The six were released on Monday from French jails after being pardoned by Chadian President Idriss Deby Itno. They had been serving out the French equivalent of eight-year sentences handed down for trying to kidnap the children.
France 'will not pay damages'
The charity workers had consistently claimed their innocence and insist they were misled into believing the children were orphans from Sudan's Darfur region. International aid staff, however, later found almost all the children were Chadian and had at least one living relative.
Ndintamadji said: "France is a country where rule of law applies and must therefore shoulder its responsibilities and pay the parents damages and interest in accordance with a ruling of the criminal court of N'Djamena."

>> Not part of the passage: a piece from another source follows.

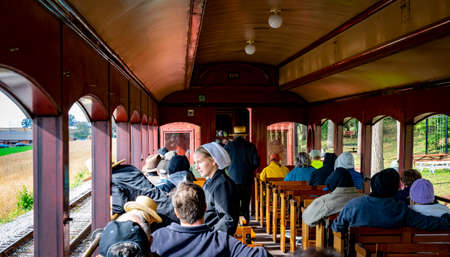 Ronks, Pennsylvania, October 2019 - Amish People Taking A Train Ride in an Open Air Car on a Sunny Fall Dayのeditorial素材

"France requested and obtained the transfer of its nationals after they were convicted under a judicial convention linking the two countries," she said.
She suggested that meant France had agreed to shoulder all the civil responsibilities in the case. On Tuesday, French Prime Minister Francois Fillon said France would not pay the damages and interest.
"It is out of the question that French taxpayers should pay six million euros for mistakes that France did not make," he said.
Four aid workers face charges
However, France might yet be forced to foot the bill for damages, a report said on Wednesday. The French newspaper Le Figaro reported Paris had agreed to guarantee the payment.
According to the paper, Chadian Justice Minister Albert Pahimi Padacke wrote to his French counterpart Rachida Dati on Tuesday, stipulating that "competence for the execution of the Chadian court decision has been transferred to France, which alone guarantees effective payment of the damages".
Le Figaro published an earlier letter sent by Padacke on December 28, two days after the workers were convicted to eight years' hard labour, setting out the conditions for them to be repatriated to serve their sentences as prison terms in France.
Given that the transfer "does not cancel the payment of the damages, it is understood that the state making the request (France) guarantees effective payment of the civil damages", he wrote.
Four of the aid workers still faced charges in France relating to the case. The Chadian pardon came after France helped Deby fight off a rebel assault in February.